2013-12-23 Thread Jake Kruger
Can the Cost of Solar in the U.S. Compete with Germany?

RMI’s new report with Georgia Tech details U.S. installation cost reduction
opportunities

by Coben Calhoun and Jesse Morris

http://blog.rmi.org/blog_2013_12_05_can_usa_solar_cost_compete_with_germany

[lots of links and graphs in the online article]

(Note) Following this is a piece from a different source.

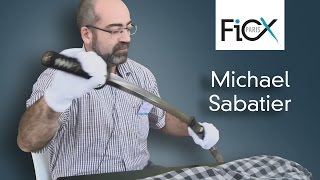 Rencontre Avec Michaël Sabatier, Forgeron Katana, Wakizashi, Tanto, Nihonto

Download the full report, Reducing Solar PV Soft Costs: A Focus on
Installation Labor.

A recent Deutsche Bank report projects global newly installed photovoltaic
(PV) capacity will reach 50 GW annually in 2014, a roughly 50-percent
increase over anticipated new installed capacity during 2013. Germany’s
been the longtime undisputed champion of solar deployment, with 35.2 GW of
installed capacity as of November 1, though the installation pace lead has
shifted in 2013 to Japan. But the U.S. is accelerating—and is expected to
install 4.4 GW of solar this year, about the same absolute amount as the
Japanese and more than the Germans.

This growth is impressive, but if the U.S. is to transition to the
low-carbon, resilient, and sustainable electricity system of the future
outlined in RMI’s Reinventing Fire, we need to install four times more
solar capacity annually than we’re currently doing, for the next forty-odd
years, with most of the installs coming in the distributed market
(residential and commercial rooftops). If we’re going to do that, we need
to make distributed solar cheaper, and do so quickly.

PV soft costs now dominate the equation

Between 2008 and 2012, the price of sub-10-kilowatt (mainly residential)
rooftop systems decreased 37 percent. However, over 80 percent of that cost
decline is attributed to decreasing solar PV module costs. With module and
other hardware prices expected to level off in the coming years (and in the
near term, actually increase), further market growth will be highly
dependent on additional reductions in the remaining “Balance of System”
costs, otherwise known as “soft costs.”

Soft costs account for 50–70 percent of the total cost of a rooftop solar
system in the U.S. today. These soft costs include installation labor;
permitting, inspection, and interconnection; customer acquisition; and
other costs (margin, financing costs, and additional fixed administrative
and other transactional cost). Setting aside those “other” costs, soft
costs for U.S. residential systems are around $1.22 per watt of PV, while
German soft costs average $0.33 per watt. That’s one heck of a spread. How
does Germany do it, and how can U.S. installers approach or even surpass
those numbers?

SIMPLE BoS project searches for answers

RMI and other groups such as the U.S. DOE, National Renewable Energy
Laboratory (NREL), Lawrence Berkeley National Laboratory (LBNL), Clean
Power Finance, and the Vote Solar Initiative have done great work on the
issue over the past several years through benchmarking and other analysis
on these various soft costs. However, such data remains relatively sparse
in comparison to hardware market analysis. The U.S. solar industry has
known that German installers are able to install rooftop solar systems at
less than half our cost. But we haven’t been able to discern, at the
detailed level of specific worker actions, why. Until now.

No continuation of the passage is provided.